CARPACCIO, Vittore
(b. 1472, Venezia, d. 1526, Capodistria)

The Pilgrims Meet the Pope

c. 1492
Tempera on canvas, 281 x 307 cm
Gallerie dell'Accademia, Venice

Canvas No. 6 of the series of nine large paintings "Stories from the Life of St Ursula".

The same colour tone and mood as in the Apotheosis, but used in a much more self-assured perspective composition, appears again in the Meeting between Pope Cyriacus and the Pilgrims. Scholars do not agree on the dating of this canvas and suggestions go from 1491, the same year as the Apotheosis of St Ursula, to 1493, the year of the Martyrdom of the Pilgrims and the Funeral of St Ursula. Even the question of the identification of the character in red standing next to Pope Cyriacus as Ermolao Barbaro, an eminent Humanist and the Venetian ambassador to the Vatican who died in 1493 after having fallen out of grace in Venice, is used in different ways by the advocates of the various chronological theories. The style of the canvas would appear to suggest a more mature period than the Pilgrims' Arrival in Cologne canvas, which dates from 1490.

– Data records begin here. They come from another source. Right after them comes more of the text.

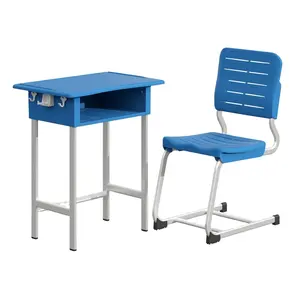 부착 된 의자이있는 YJ 쓰기 플라스틱 현대 학교 에로고믹 학생 책상 테이블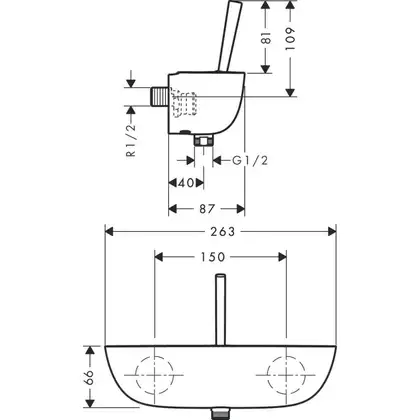 Hansgrohe PuraVida Змішувач для душу, хром (15672400) Hansgrohe PuraVida Змішувач для душу, хром (15672400)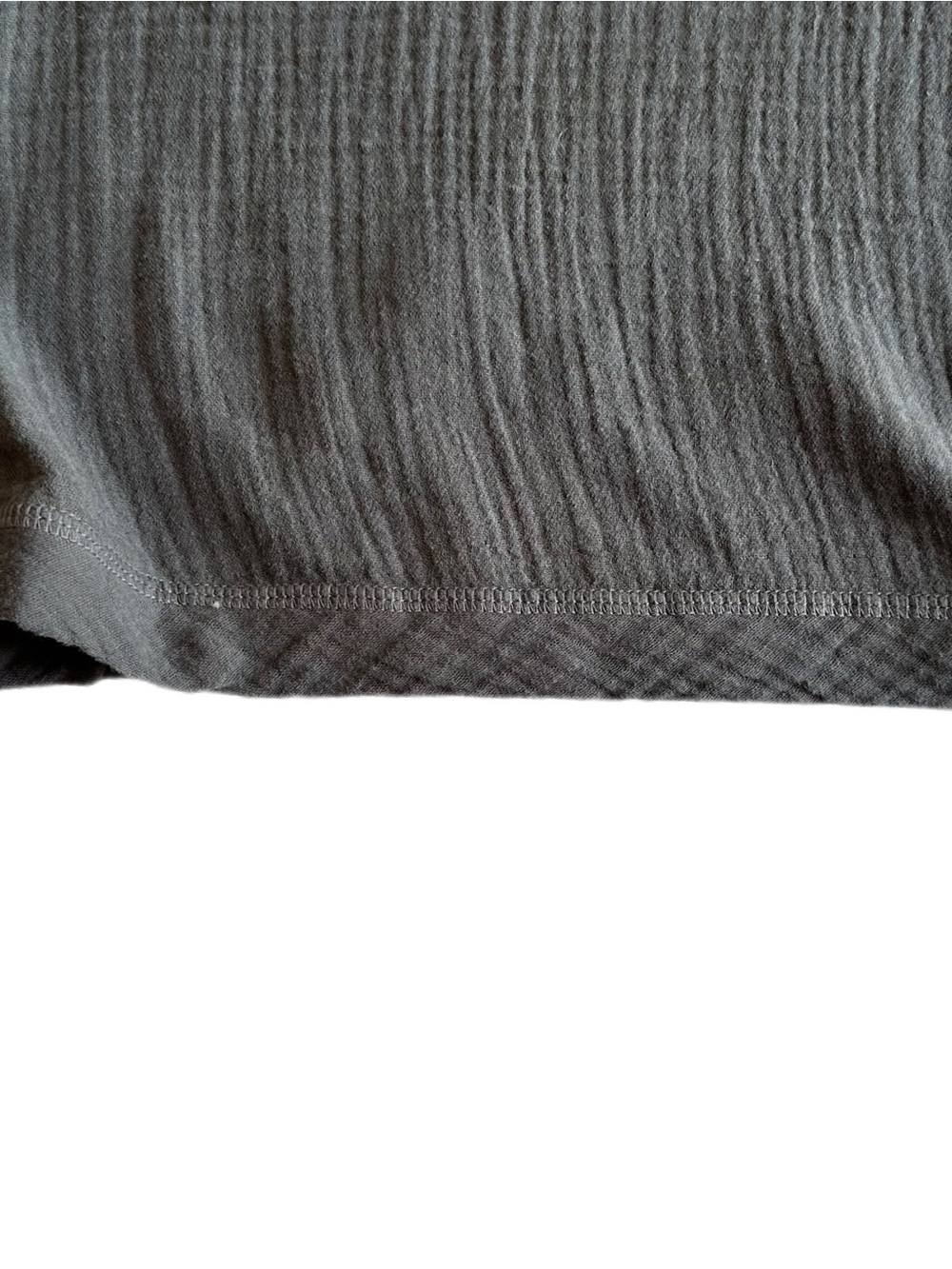 Faherty Charcoal Gray Ribbed Cotton Tank Top - Picture 4 of 7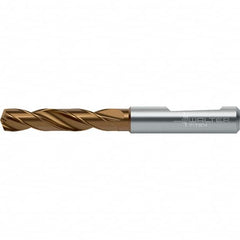 Walter-Titex - 14.8mm 140° Spiral Flute Solid Carbide Screw Machine Drill Bit - Caliber Tooling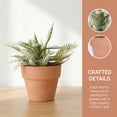 thumbnail image 6 of Unique Bargains Artificial Sago Palm Plant in Ceramic Pot Green And White 6.3", 6 of 6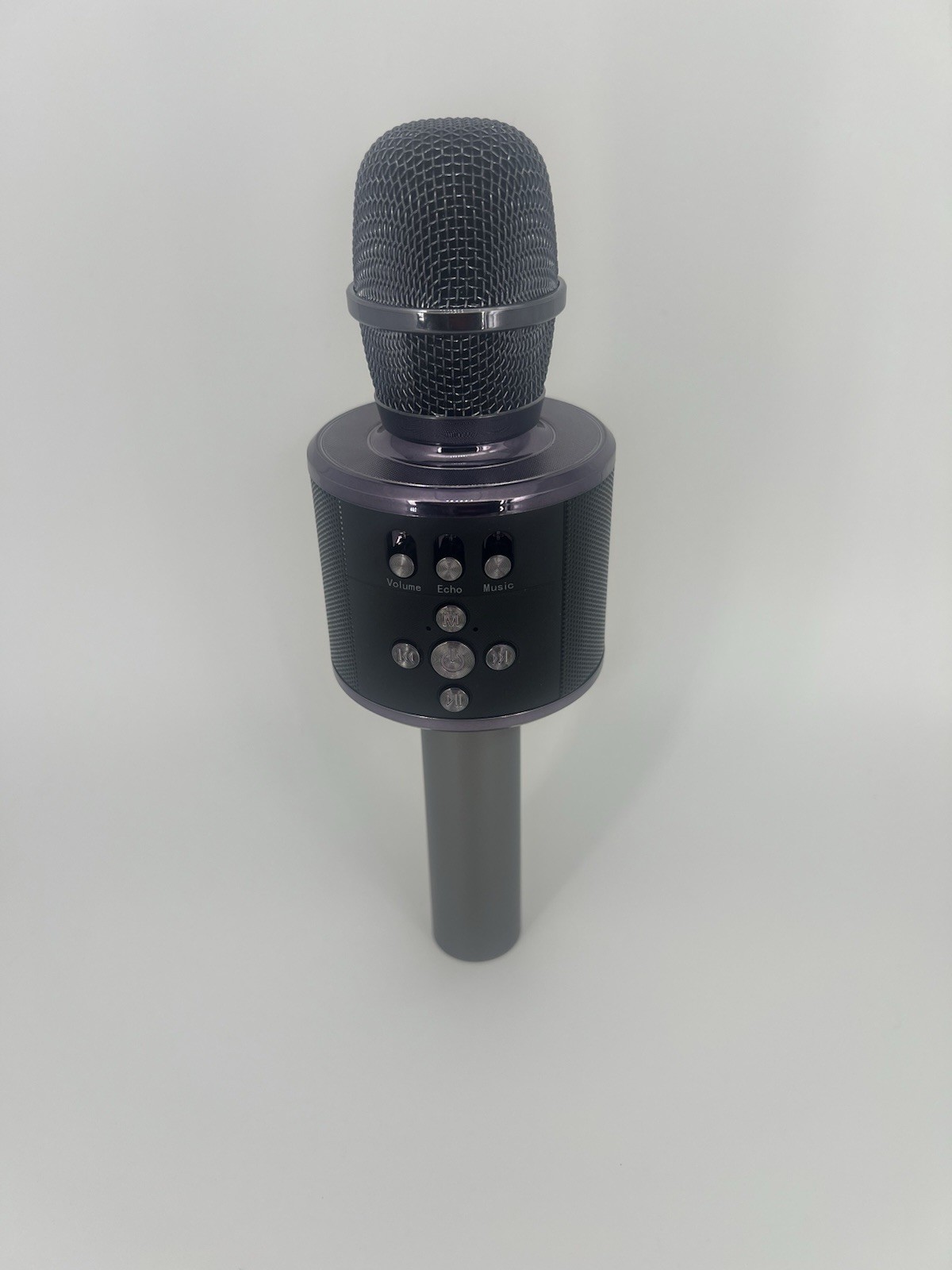 BONAOK Q37 Wireless Bluetooth Karaoke Microphone Speaker 3-in-1 Space Gray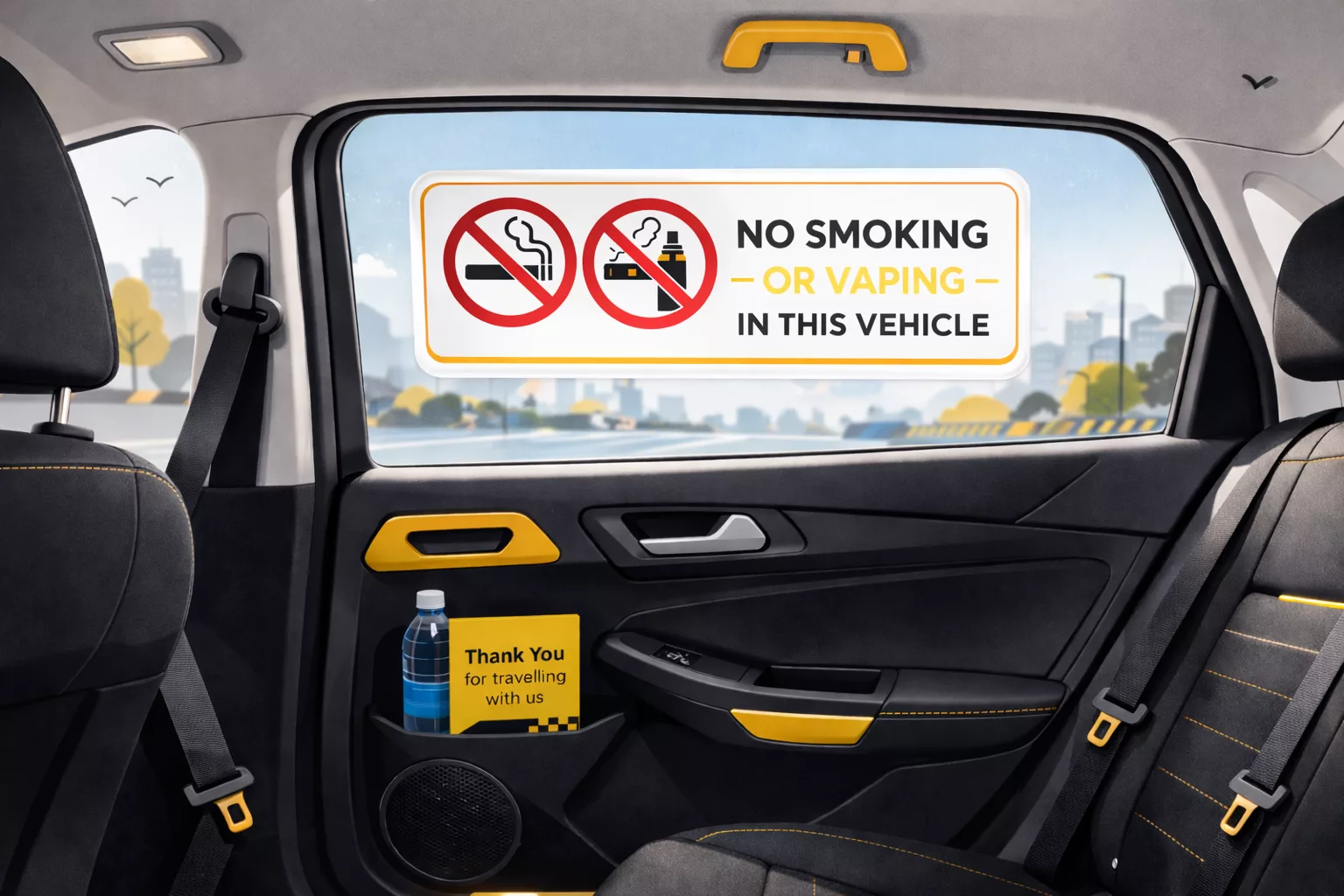 smoking and vaping rules in taxis no smoking sign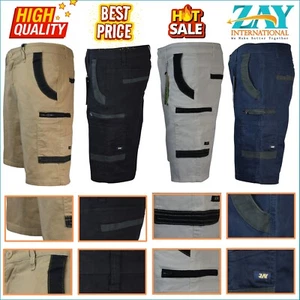 Tardies Men's Cotton Drill Workwear Cargo Shorts | Work Men's Shorts - Picture 1 of 6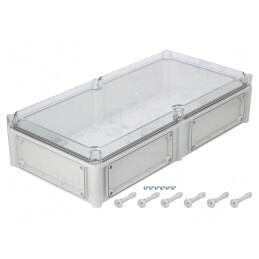 Carcasă montare pe perete gri 280x560x130mm | Electronic-mag.ro | Componente Electronice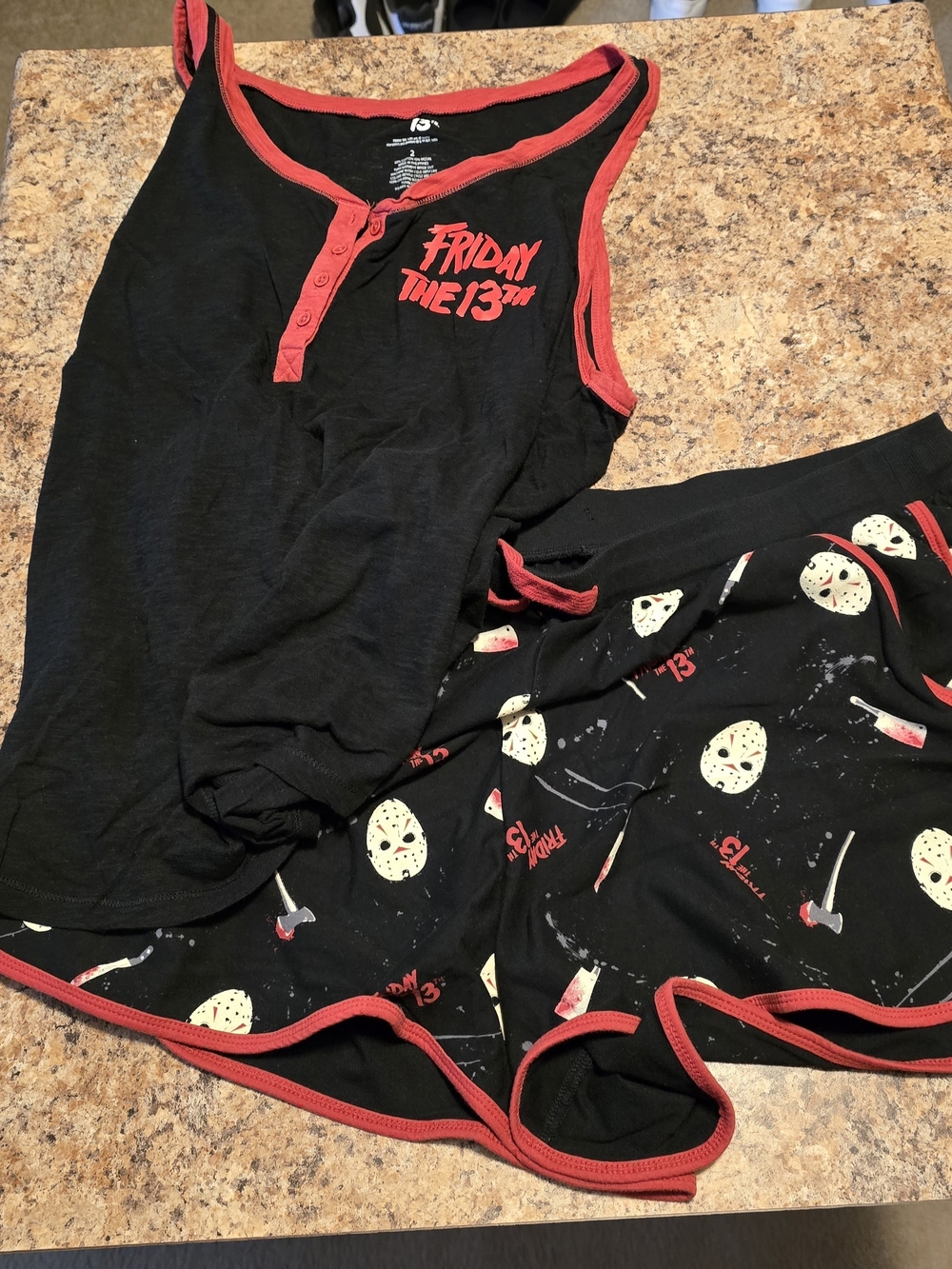 Friday the 13th Women's Black & Red Sleep Set
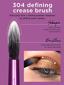Real Techniques Perfect Crease Makeup Brushes, Apply & Blend Eye Shadow, Set of 2 Thumbnail 4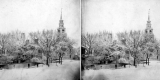 Snowy Street and Church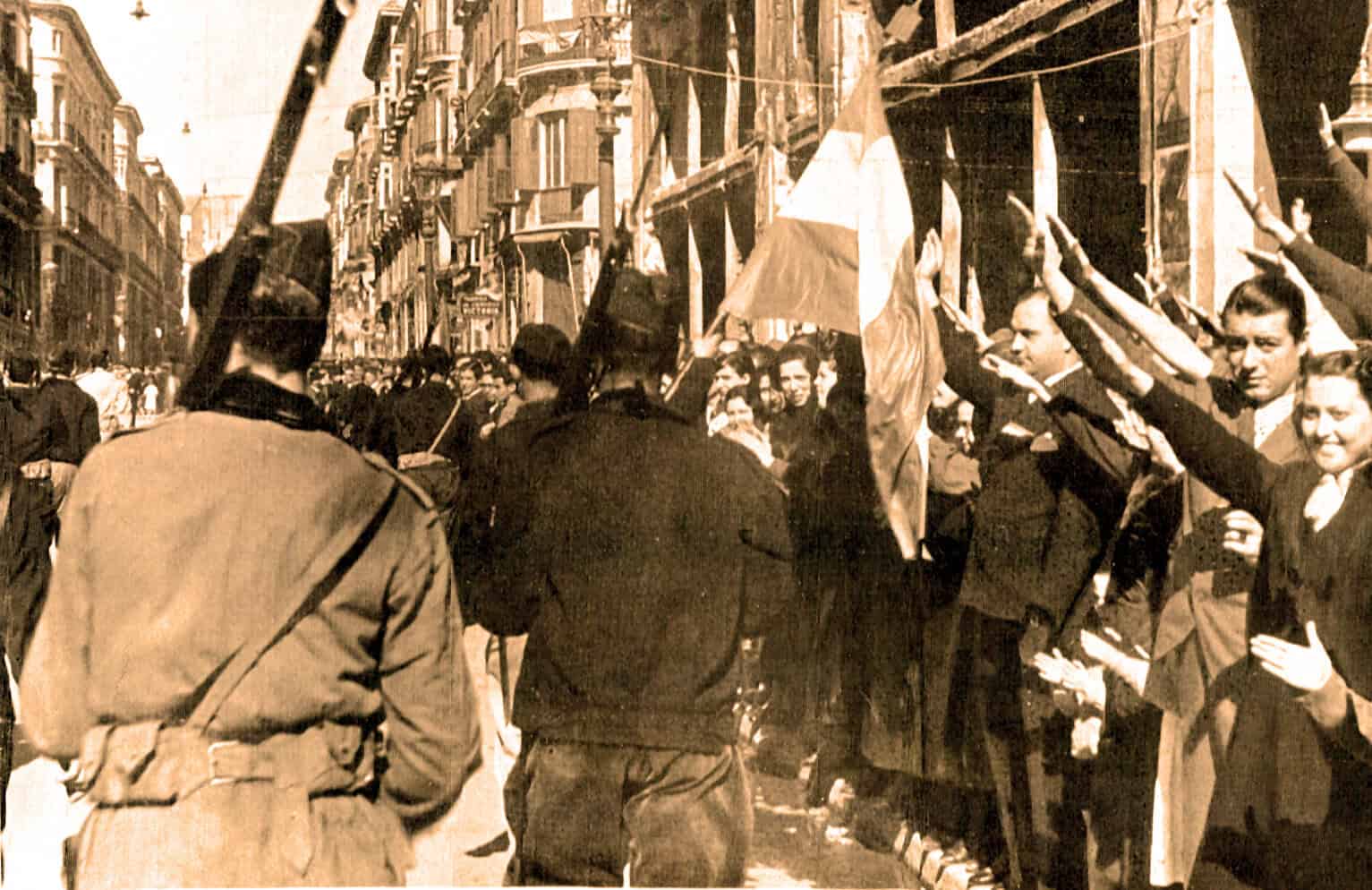 Crowd of people during a historical protest or rally, vintage photo capturing moments of political activism, demonstrating the importance of news, history, and music archives in preserving cultural events.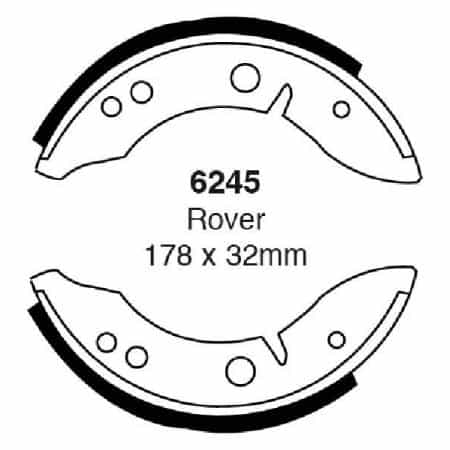 Zapatas de freno traseras EBC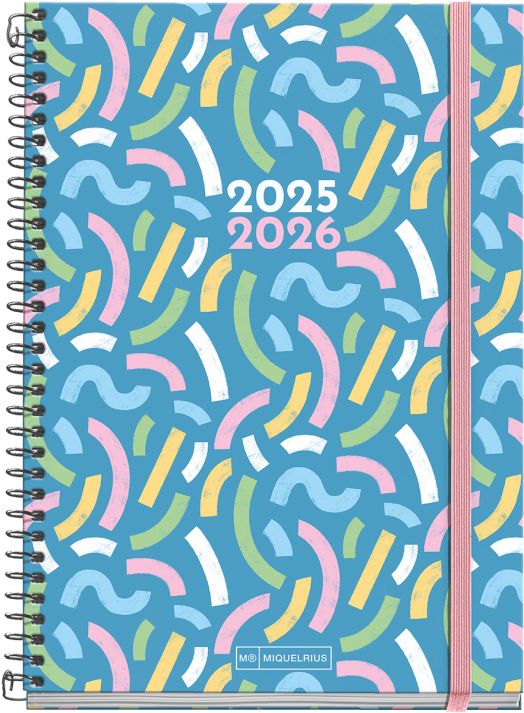 Седмичен тефтер - органайзер Miquelrius Serpentine от септември 2025 до юни 2026 г.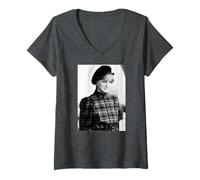 Mujer Diana Princesa De Gales Royal Braemar Highland Juegos Camiseta Cuello V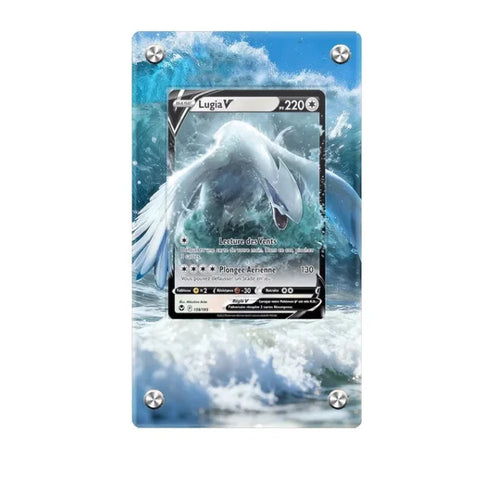Lugia V 138/195 – Kaarthouder met achtergrond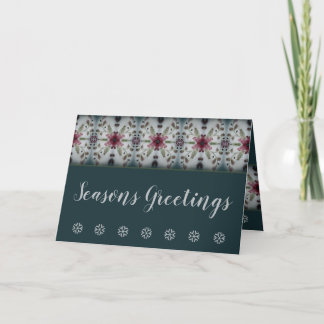 Tarjeta Festiva Diseño De Estilo Victoriano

The scene of the meeting takes place in the bright afternoon light: to the left, the retinue of virgins is shown approaching along the path, while the English Prince and Ursula, in the centre, kneel in front of Pope Cyriacus; and to the right the procession of bishops, prelates and dignitaries unfolds in the bright, sunlit meadow outside the walls of Rome. Each figure projects its own shadow to emphasize the hour of the day in which the historic meeting is taking place; like a brilliant colour prism it revolves slowly in an atmosphere of absolute enchantment. The calculated stage-like arrangement of the characters is echoed in the setting of the eight standards, the white mitres, the regular geometric shapes of the huge construction of Castel Sant'Angelo. Not even the tiniest of details is lost on this enormous stage: the lavish ornamentation of the damask copes, or the group of clarion players standing out against the sky on the castle's bastions, or the ivy clinging to the walls.